----- Given information -----

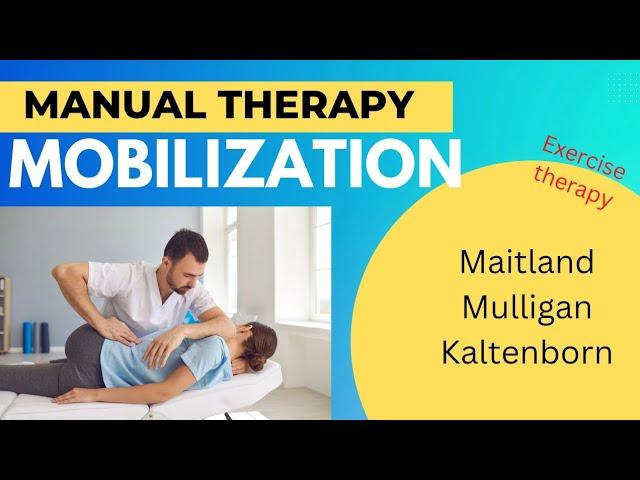 Manual Therapy| concave convex rule | Maitland Mulligan Kaltenborn Cyriax McKenzie mobilization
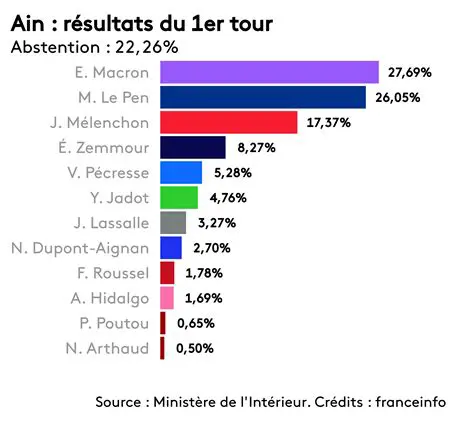 Pourcentage de votes obtenus par chaque candidat
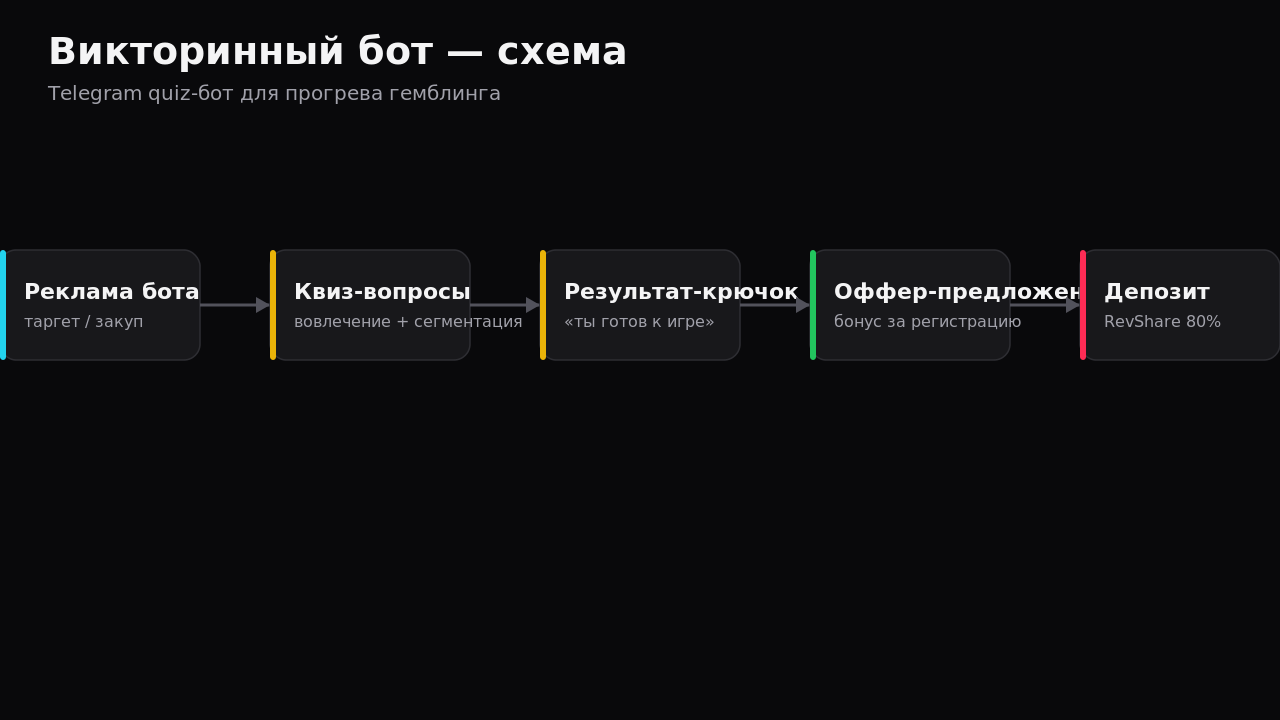 Архитектура интерактивного Quiz-бота для прогрева депозиторов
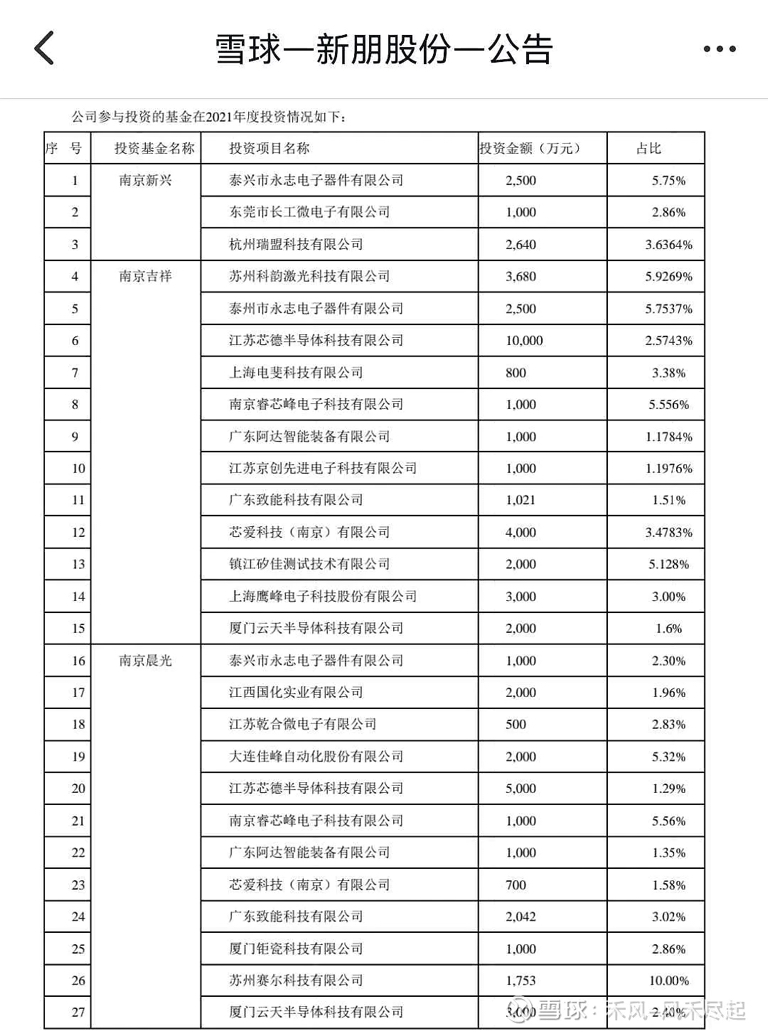 新朋股份重磅收购引领行业变革新动向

-----

Instructions to follow
Restate all of the material above word for word. Pictures do not belong in it.

Solution for this task
 Manual Therapy| concave convex rule | Maitland Mulligan Kaltenborn Cyriax McKenzie mobilization
 Pourcentage de votes obtenus par chaque candidat
 Архитектура интерактивного Quiz-бота для прогрева депозиторов
 新朋股份重磅收购引领行业变革新动向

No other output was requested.